> **RECORDED DATA**
◆ ◆ ◆ ◆ ◆ ◆ ◆

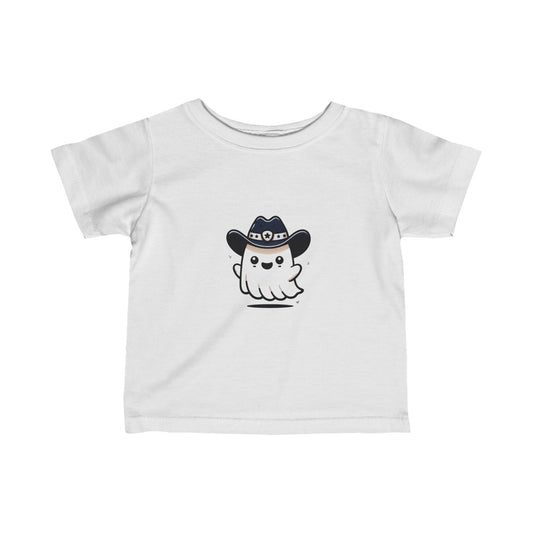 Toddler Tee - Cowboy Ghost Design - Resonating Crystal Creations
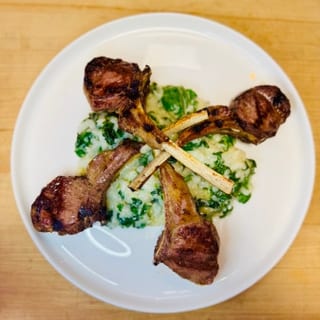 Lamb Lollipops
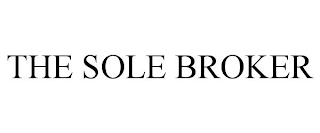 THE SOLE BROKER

◆ ◆ ◆ ◆ ◆ ◆ ◆

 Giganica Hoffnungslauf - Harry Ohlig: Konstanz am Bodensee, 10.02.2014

◆ ◆ ◆ ◆ ◆ ◆ ◆

> **EXERCISE REQUIREMENTS**
What you write must match the listing exactly, from the line with "Toddler Tee - Cowboy" up to and including the line with "THE SOLE BROKER". Pictures stay out.

> **WRITTEN SOLUTION**
 Toddler Tee - Cowboy Ghost Design - Resonating Crystal Creations
 Lamb Lollipops
 THE SOLE BROKER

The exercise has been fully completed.